HTTP and the WSGI interface

If you read the above examples closely, you will notice that real-time web works best for sites involving short bursts of data. For sites with long form content like blogs, wikis or even news sites, it is probably best to stick with traditional web frameworks or even static content. Even if you have a very high bandwidth connection, it would simply be too chatty to check for published information (unless you expect to have too many typos)

In fact, the web is specifically suited for the dissemination of long-form content. It works best for a request-reply mechanism for retrieval of documents (or hypertext if you like to be pedantic). It is stateless hence suited for caching, wherever possible. In fact, this explains why hacks like long-polling had to be created for the browser to support bidirectional communication until web sockets arrived.

This explains the design of WSGI, a synchronous protocol to handle request and response. It can handle only one request at a time and hence not ideally suited for creating realtime applications. Since Django is designed to be deployed on a server with a WSGI interface, this means that asynchronous code needs to bypass this mechanism.

This seems like a genuine shortcoming of Django. There might be hacks to work around it like frequent polling etc. But it would be much better if the framework can integrate with the asynchronous model.

Today, writing a REST-based API using Django and interacting with it using a JavaScript MVC library seems to be a popular way of creating a single page application. To make it realtime, you might have to fiddle around with Gevent or Tornado and web sockets.

Can you have the cake and eat it too?

It is possible to look at the language impedance mismatch problem in a different way. Why not have your favourite language, even if it is not JavaScript, run on the server and the client? Since JavaScript is increasingly used as a target language (I am refraining from calling it the ‘assembly language of the web’), why not convert the client part of the code in, say Python, into JavaScript?
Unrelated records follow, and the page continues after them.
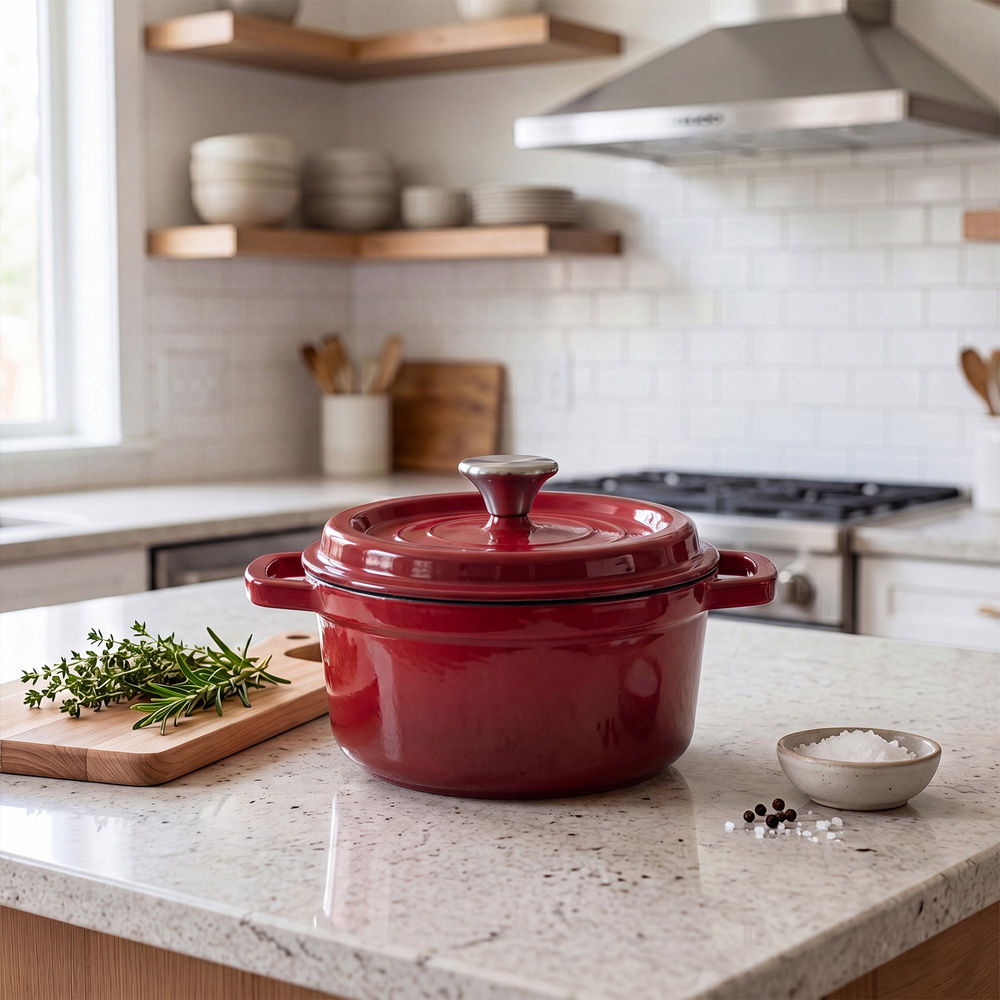 Living and Home Gradient Red Enamelled Cast Iron Dutch Oven Pot 6L Image 2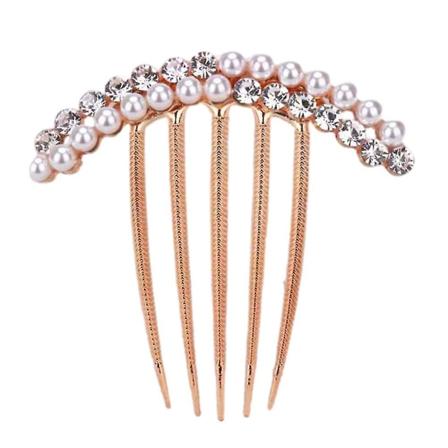 Fem-tandet Hårtilbehør Perle Krystal Hårkam Voksen Hårklips Knold Hårnål B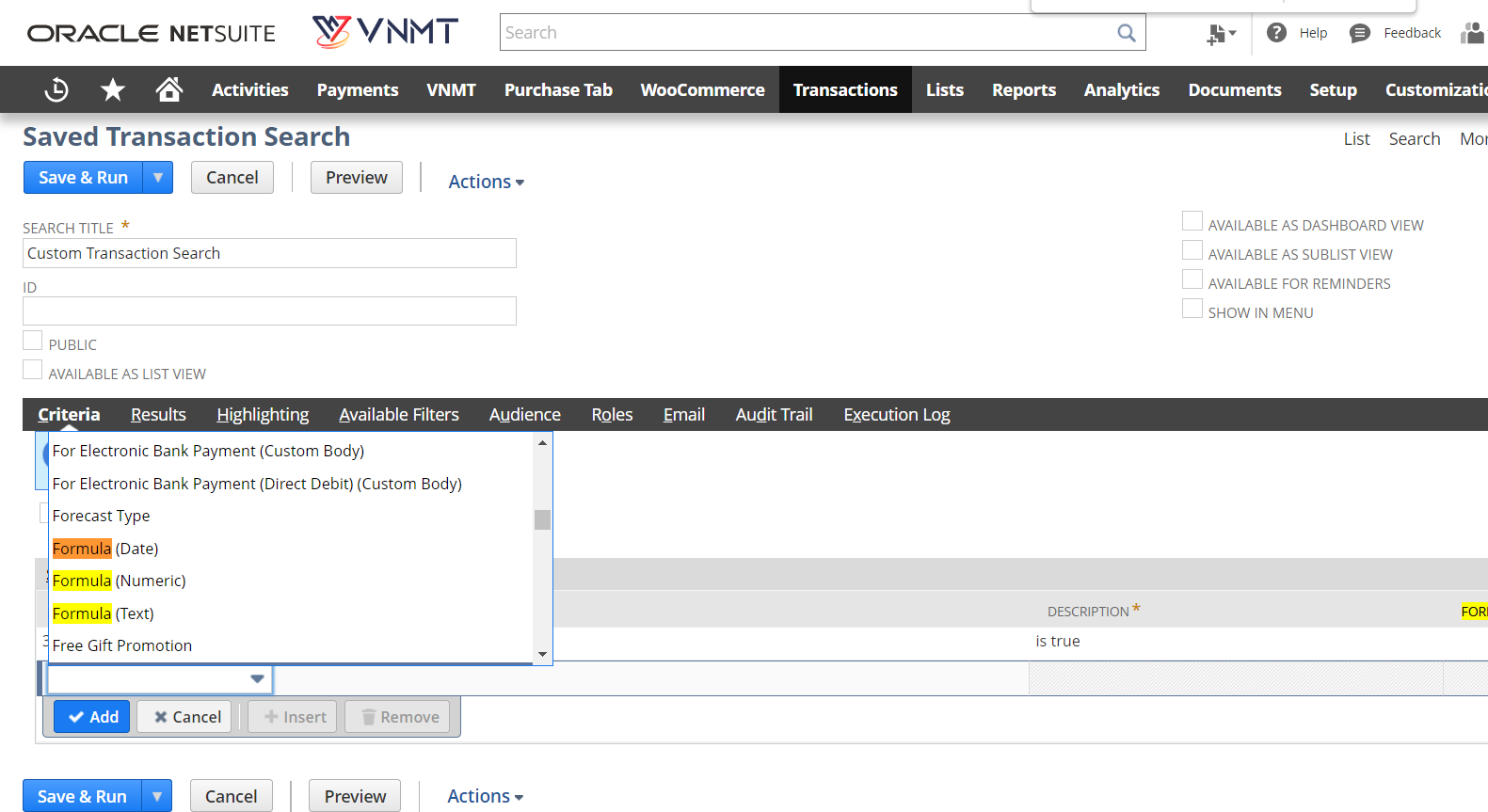 NetSuite Formula in Search Criteria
If we can have an intelligent Python compiler which can say target byte codes for the server part and the shared code; and then target JavaScript (perhaps in asm.js too for better performance) and the shared code for the client part - then it might just work. Other details will also have to be worked out like event loops at both ends which can pass messages asynchronously, data synchronisation through a compact binary format and data validation. It is a project much bigger than writing a library but it might be a decent solution that is general enough to be applied to most languages.

Conclusion

Django is a good solution for a vast majority of web applications today. But the expectations are rapidly changing to show real-time updates. Realtime web applications need a lot of design changes in existing web frameworks like Django. The existing solutions require a lot of components and sometimes repetitive code. Newer frameworks like Meteor and Derby seem to be well suited for these needs and rapid development. But the design and scalability of real-time application will still be tricky. Finally, if you are a non-JavaScript developer there might be still be hope.